UN Report Projects Modest Growth Pickup in Africa
Economic growth is expected to experience a modest recovery in Africa this year, according to the United Nations’ World Economic Situation and Prospects 2017(WESP 2017) report. The document, which was released on 18 January, is the result of a joint effort between several UN institutions – the United Nations Department of Economic and Social Affairs (UN/DESA), the United Nations Conference on Trade and Development (UNCTAD) and the five UN regional commissions.
African GDP should grow by 3.2 percent in 2017 and 3.8 percent in 2018, according to the report. This “modest” pickup follows last year’s important growth deceleration on the continent, with an estimated growth rate of only 1.7 percent in 2016.
The WESP 2017 report also projects a similar trend at the global level for 2017 and 2018, with growth rates expected to reach 2.7 and 2.9 percent, respectively. In 2016, the world economy grew by only 2.2 percent, the lowest level recorded since the 2008-2009 global economic and financial crisis.
The document warns, nonetheless, that this timid recovery should not be interpreted as signalling the return to robust global growth, which is “not expected for several years unless there are concerted policy efforts to stimulate investment and productivity.”
“The global economy is trapped in a self-perpetuating cycle of weak investment, dwindling world trade, flagging productivity growth and high debt,” notes the report, adding that such a situation could jeopardise the prospects for a successful implementation of the UN’s Sustainable Development Goals (SDGs).

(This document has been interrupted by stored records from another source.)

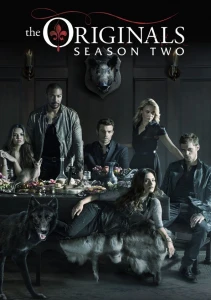 Season 2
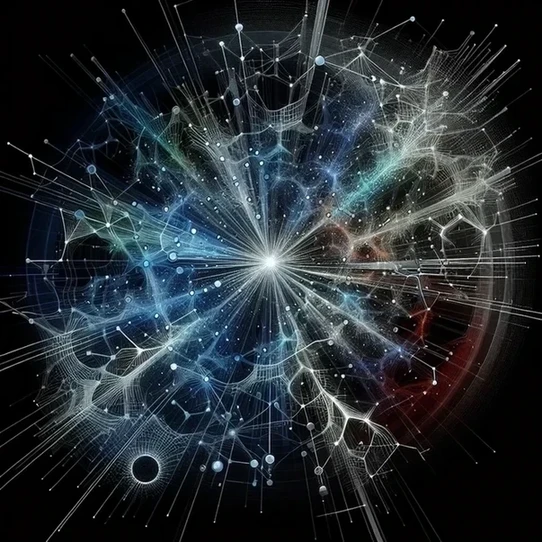 飞跃加速器商标图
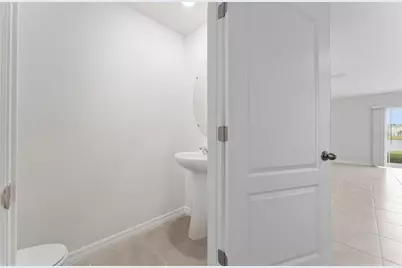 6594 Leo Lane, Saint Cloud, FL 34773 - Photo 12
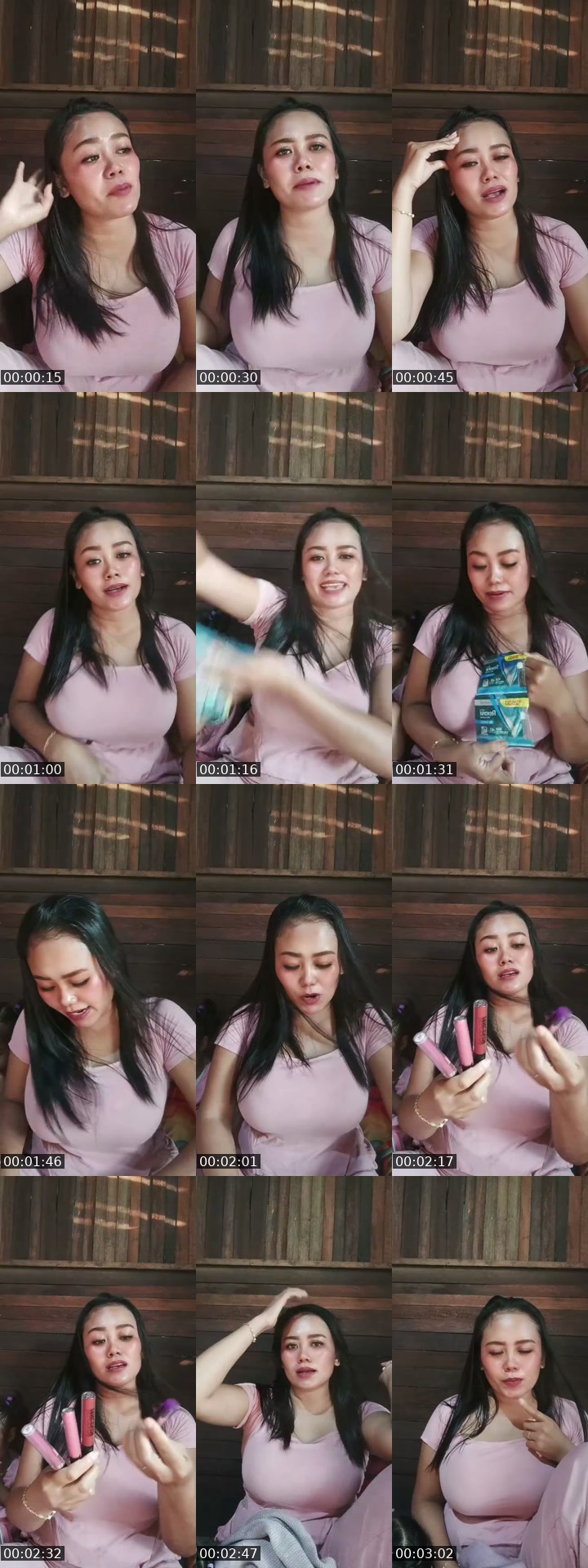 @vita.sary80 Indonesia TikTok live from 2026-07-15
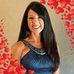 Profile Picture of Debbie Ruby (Debbie Rubenstein ) (@debbie.rubenstein) on Facebook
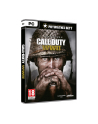 Activision Gra PC Call of Duty WW II - nr 8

In Africa, important differences are observed between subregions and countries, with various factors at play.
As indicated in the report, the anticipated increase in commodity prices on global markets is contributing to the modest improvement of growth prospects in heavily commodity-dependent countries, such as Algeria, Angola, and Nigeria, although a strong growth recovery seems unlikely.
Other countries with stronger economic fundamentals, whose recent economic performance has been driven more by robust private consumption, investment in infrastructure, and business climate reforms, enjoy more promising growth prospects.
This is the case in East Africa, which is set to perform the best among all African subregions in 2017 and 2018 according to the report, as well as in some West African countries, such as Côte d’Ivoire, Ghana, and Senegal. While East Africa’s GDP is expected to expand by 6 percent in the next two years, growth is projected to reach 3.1 percent in West Africa, after having stagnated in 2016.
Southern Africa, in contrast, should only experience a limited improvement from last year’s pale 1-percent growth. The subregion’s GDP is expected to expand by 1.8 percent in 2017, and 2.6 percent in 2018, “as commodity prices increase and drought effects dissipate,” notes the report. In North and Central Africa, growth is projected to increase to 3.5 and 3.4 in 2017, up from 2.6 and 2.4 percent in 2016, respectively.
Projections for LDCs well below SDG-target
Looking at LDCs in particular (including non-African LDCs), the seven UN institutions underline that despite an expected increase in growth rates in 2017 and 2018 compared with 2016, it is likely that the group will not achieve its growth target contained in the Sustainable Development Goals.
While LDCs’ aggregate GDP growth in 2016 is estimated at 4.6 percent, the report indicate that it should reach 5.2 percent in 2017 and 5.5 percent 2018. Although this trend might be seen as positive and encouraging, such a growth level remains significantly below the objective set out in SDG 8, target 1, of attaining and sustaining a growth rate of “at least 7 percent” in the LDCs.
Such a failure to meet the 7-percent SDG target constitutes a significant risk “to both critical expenditure and sufficient private financing for achieving the SDGs,” warns the document. As a striking example, it notes that if the current growth trajectory is maintained, nearly 35 percent of the population of LDCs will still be living in extreme poverty by 2030.
Against this backdrop, the report calls on strengthened efforts to close the investment gap and mobilise more resources, both at the domestic and international levels, to meet the considerable financing needs of LDCs, while also reaffirming the crucial role of trade in sustainable development.